2022 Black Well-being Final w links for Web 11.29.22 - Flipbook - Page 23
BLACK WELL-BEING REPORT 2022
BLACK FUTURE CO-OP FUND
Increase and enhance civic readiness
Youth have always been catalysts of change, today is no different. And their
feelings about civics are shaped early. Beyond reading, writing, math, and science,
our youth should understand the dynamics of power and how it is expressed
through laws and policy. Formal education is only one way we learn. We want
forums, spaces, and organic opportunities for conversation for and by Black people
to learn about the ideas on which people are acting.
• Prioritize intergenerational dialogue about civics, starting at the
earliest of ages.
• Utilize integrated curricula that connect the “issues” to a person’s
everyday life.
• Rework the curriculum in all educational spaces to include
hands-on, racially attuned learning about how societies are
constructed and shaped.
• Teach the totality of Black history from Black perspectives.
• Invest in community-led spaces to discuss politics: places of
worship, schools, dinner parties, community organizations and
centers, and block parties.
Center the arts because they are foundational to civic engagement and
therefore social change
Art is essential to our being. It’s an important way for us to make sense of the
world and express ideas and concepts that have yet to conjure words. It is the
language of evolution and self actualization, bringing together all our senses,
including our intuition. We need the holders and shapers of culture to successfully
move anything strategically.
• Pay Black artists well. On top of already low pay, during the
pandemic, they were hit especially hard.
• Make sure artists retain rights to their work.

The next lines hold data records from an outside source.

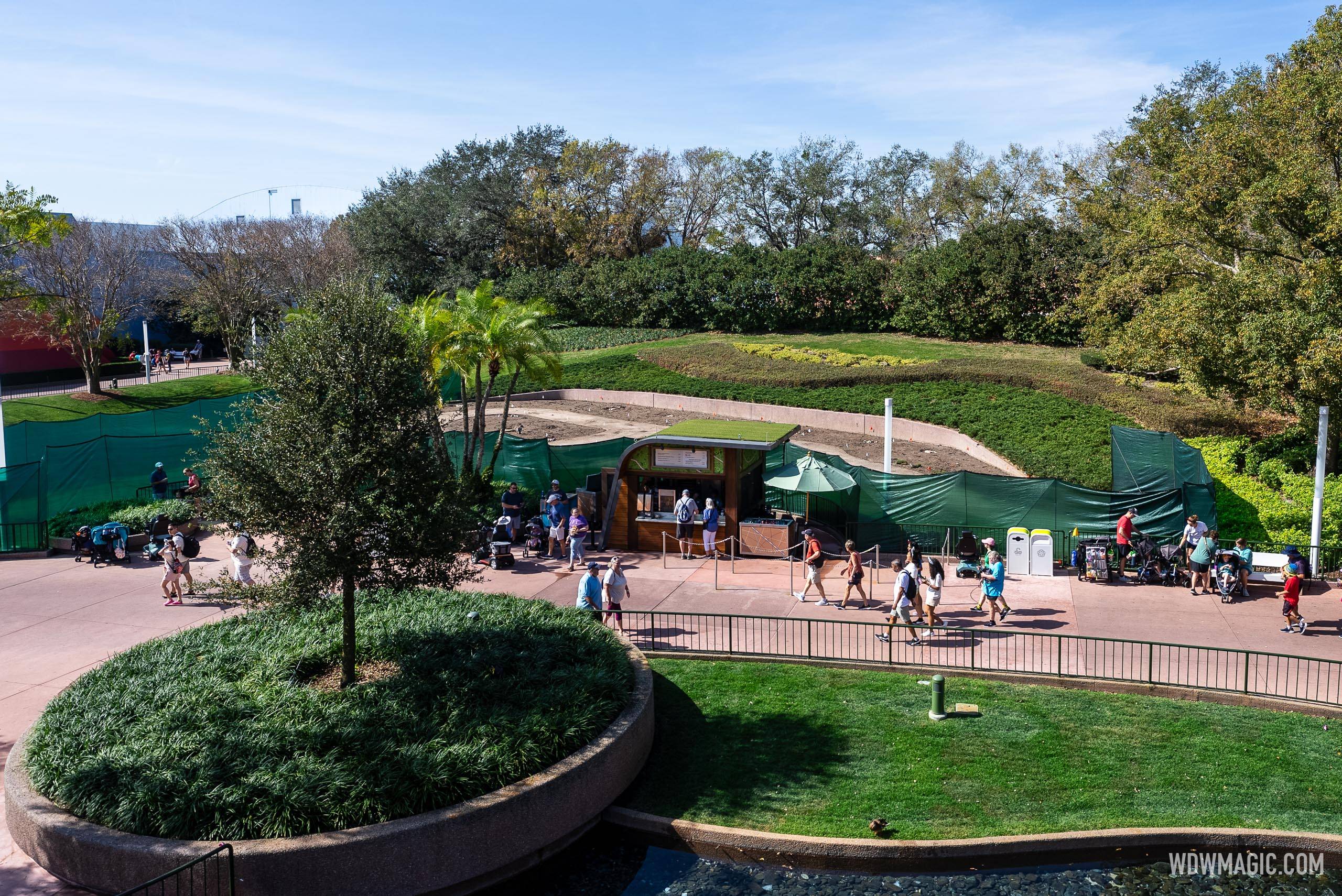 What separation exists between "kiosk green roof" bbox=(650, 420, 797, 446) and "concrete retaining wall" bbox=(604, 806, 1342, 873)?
1051 cm

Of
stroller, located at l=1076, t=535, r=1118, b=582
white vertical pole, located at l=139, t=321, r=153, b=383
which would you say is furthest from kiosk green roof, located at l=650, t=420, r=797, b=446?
white vertical pole, located at l=139, t=321, r=153, b=383

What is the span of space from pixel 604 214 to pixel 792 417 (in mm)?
29313

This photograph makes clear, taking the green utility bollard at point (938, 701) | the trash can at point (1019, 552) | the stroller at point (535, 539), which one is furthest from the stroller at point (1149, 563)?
the stroller at point (535, 539)

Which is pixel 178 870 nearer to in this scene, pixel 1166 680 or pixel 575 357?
pixel 1166 680

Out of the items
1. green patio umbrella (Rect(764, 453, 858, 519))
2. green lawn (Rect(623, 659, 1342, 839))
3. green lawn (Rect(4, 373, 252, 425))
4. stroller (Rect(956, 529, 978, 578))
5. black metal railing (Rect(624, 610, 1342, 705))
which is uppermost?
green lawn (Rect(4, 373, 252, 425))

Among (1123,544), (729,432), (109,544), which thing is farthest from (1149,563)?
(109,544)

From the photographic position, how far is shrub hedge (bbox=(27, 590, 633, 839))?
9.12m

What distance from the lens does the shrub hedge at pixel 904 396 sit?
25938 millimetres

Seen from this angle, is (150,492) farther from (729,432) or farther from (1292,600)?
(1292,600)

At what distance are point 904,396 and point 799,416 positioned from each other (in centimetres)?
352

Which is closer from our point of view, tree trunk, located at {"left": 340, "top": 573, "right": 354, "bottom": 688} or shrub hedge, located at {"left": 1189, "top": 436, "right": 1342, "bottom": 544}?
tree trunk, located at {"left": 340, "top": 573, "right": 354, "bottom": 688}

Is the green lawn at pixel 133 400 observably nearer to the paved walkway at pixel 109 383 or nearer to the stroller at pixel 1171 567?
the paved walkway at pixel 109 383

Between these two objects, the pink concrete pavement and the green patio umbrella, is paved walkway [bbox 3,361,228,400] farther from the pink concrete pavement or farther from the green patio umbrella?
the green patio umbrella

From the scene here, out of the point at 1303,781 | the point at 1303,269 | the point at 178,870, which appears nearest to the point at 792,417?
the point at 1303,269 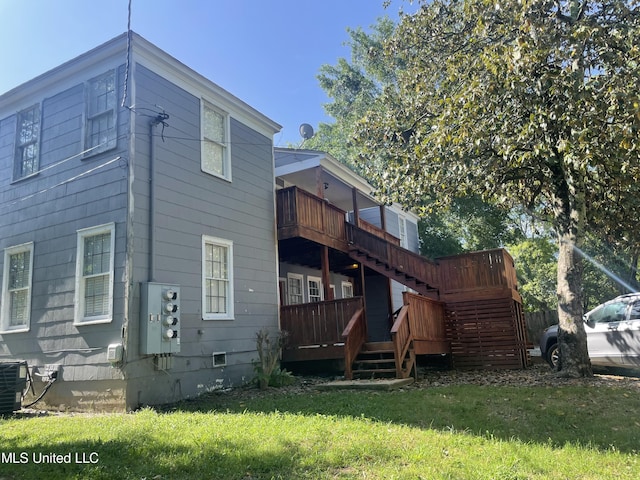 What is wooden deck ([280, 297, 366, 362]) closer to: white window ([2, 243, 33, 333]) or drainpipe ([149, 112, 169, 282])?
drainpipe ([149, 112, 169, 282])

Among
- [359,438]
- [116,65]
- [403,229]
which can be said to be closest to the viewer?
[359,438]

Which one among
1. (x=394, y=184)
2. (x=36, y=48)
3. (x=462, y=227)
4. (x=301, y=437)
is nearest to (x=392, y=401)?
(x=301, y=437)

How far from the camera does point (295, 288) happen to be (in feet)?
51.6

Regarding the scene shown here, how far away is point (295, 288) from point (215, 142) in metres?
6.50

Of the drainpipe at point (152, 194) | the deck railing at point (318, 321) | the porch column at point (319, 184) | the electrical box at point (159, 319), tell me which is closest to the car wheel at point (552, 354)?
the deck railing at point (318, 321)

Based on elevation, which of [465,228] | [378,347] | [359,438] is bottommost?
[359,438]

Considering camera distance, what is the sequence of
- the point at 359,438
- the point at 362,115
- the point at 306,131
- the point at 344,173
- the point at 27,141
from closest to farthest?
1. the point at 359,438
2. the point at 27,141
3. the point at 344,173
4. the point at 306,131
5. the point at 362,115

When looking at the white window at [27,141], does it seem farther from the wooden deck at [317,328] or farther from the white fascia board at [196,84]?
the wooden deck at [317,328]

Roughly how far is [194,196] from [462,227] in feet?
74.5

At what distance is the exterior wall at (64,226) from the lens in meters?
8.27

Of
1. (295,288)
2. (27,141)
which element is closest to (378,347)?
(295,288)

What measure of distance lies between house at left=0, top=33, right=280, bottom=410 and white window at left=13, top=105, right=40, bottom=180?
32 millimetres

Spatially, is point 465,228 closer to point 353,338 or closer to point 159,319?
point 353,338

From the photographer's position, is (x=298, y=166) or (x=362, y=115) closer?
(x=298, y=166) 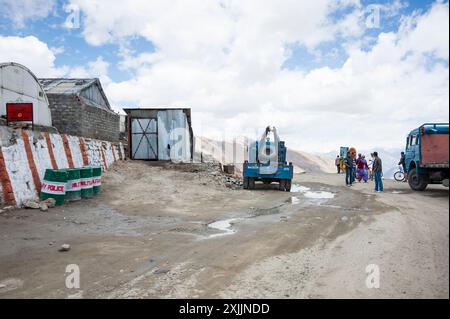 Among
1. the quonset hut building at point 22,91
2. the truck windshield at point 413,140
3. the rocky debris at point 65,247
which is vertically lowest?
the rocky debris at point 65,247

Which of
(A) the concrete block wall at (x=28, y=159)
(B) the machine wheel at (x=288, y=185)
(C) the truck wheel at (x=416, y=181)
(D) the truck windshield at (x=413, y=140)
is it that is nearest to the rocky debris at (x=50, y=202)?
(A) the concrete block wall at (x=28, y=159)

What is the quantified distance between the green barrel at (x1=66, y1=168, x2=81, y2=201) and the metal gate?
1145 cm

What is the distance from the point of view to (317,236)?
20.8ft

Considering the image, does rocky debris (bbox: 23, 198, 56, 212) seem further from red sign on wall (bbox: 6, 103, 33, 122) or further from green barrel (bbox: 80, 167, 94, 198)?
red sign on wall (bbox: 6, 103, 33, 122)

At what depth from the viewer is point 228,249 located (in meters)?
5.55

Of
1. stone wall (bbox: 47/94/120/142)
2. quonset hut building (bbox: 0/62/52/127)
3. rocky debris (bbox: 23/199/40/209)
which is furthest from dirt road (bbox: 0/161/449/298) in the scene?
stone wall (bbox: 47/94/120/142)

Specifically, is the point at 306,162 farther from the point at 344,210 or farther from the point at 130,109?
the point at 344,210

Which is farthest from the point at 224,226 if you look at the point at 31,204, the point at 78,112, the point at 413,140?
the point at 78,112

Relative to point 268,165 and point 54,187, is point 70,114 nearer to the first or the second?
point 54,187

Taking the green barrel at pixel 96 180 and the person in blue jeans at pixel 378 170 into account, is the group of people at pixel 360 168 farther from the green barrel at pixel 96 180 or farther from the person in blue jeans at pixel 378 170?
the green barrel at pixel 96 180

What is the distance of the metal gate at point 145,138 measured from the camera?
72.8 feet

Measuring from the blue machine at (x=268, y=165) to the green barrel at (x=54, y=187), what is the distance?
8.07m

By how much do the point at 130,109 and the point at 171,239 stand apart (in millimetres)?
17313

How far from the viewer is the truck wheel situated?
47.0ft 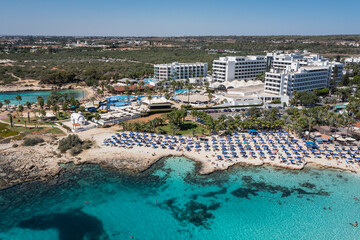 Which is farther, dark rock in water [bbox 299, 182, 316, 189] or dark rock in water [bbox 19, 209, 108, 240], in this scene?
dark rock in water [bbox 299, 182, 316, 189]

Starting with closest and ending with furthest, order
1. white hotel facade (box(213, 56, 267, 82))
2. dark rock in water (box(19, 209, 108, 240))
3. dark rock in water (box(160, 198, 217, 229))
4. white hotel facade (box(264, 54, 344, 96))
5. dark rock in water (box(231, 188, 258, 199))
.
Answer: dark rock in water (box(19, 209, 108, 240)), dark rock in water (box(160, 198, 217, 229)), dark rock in water (box(231, 188, 258, 199)), white hotel facade (box(264, 54, 344, 96)), white hotel facade (box(213, 56, 267, 82))

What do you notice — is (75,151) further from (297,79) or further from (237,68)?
(237,68)

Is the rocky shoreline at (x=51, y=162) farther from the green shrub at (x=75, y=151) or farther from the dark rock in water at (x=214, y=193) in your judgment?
the dark rock in water at (x=214, y=193)

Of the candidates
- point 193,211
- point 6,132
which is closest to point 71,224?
point 193,211

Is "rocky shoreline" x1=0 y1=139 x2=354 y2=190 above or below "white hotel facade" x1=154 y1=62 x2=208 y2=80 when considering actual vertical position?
below

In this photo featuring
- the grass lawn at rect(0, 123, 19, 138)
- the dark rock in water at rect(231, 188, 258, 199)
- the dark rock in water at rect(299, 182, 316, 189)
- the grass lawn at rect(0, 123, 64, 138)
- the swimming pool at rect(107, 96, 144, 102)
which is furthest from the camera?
the swimming pool at rect(107, 96, 144, 102)

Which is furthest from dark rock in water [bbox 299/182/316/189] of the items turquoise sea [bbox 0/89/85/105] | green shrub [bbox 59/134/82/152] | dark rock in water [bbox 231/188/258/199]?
turquoise sea [bbox 0/89/85/105]

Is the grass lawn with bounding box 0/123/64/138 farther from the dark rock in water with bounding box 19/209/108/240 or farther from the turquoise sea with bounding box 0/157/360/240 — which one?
the dark rock in water with bounding box 19/209/108/240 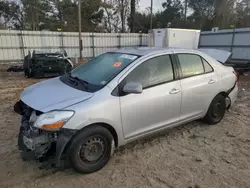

• Seek out artists early to shape strategy work — as the saying
goes, culture eats strategy for breakfast.
• Bring arts back to educational, healing, civic, and work spaces.
Community plans and leads, governments and systems fund our plans
Much research has studied the limited effectiveness of solutions born from
government agencies. It isn’t only that we often are not represented at the
decision-making tables, it’s also that government structures are not conducive to
making effective decisions. They are siloed and force solutions into funding boxes
that usually aren’t tailored to community needs and result in inflexible tools or
programming to get the job done.
• Fund community to organize, plan, and architect the solutions.
• Re-envision governments and large institutions’ roles in
implementing community-directed strategies.
• Break down silos and work across systems.
• Build timelines and write contracts that speak to the capacity
and strengths of organizations.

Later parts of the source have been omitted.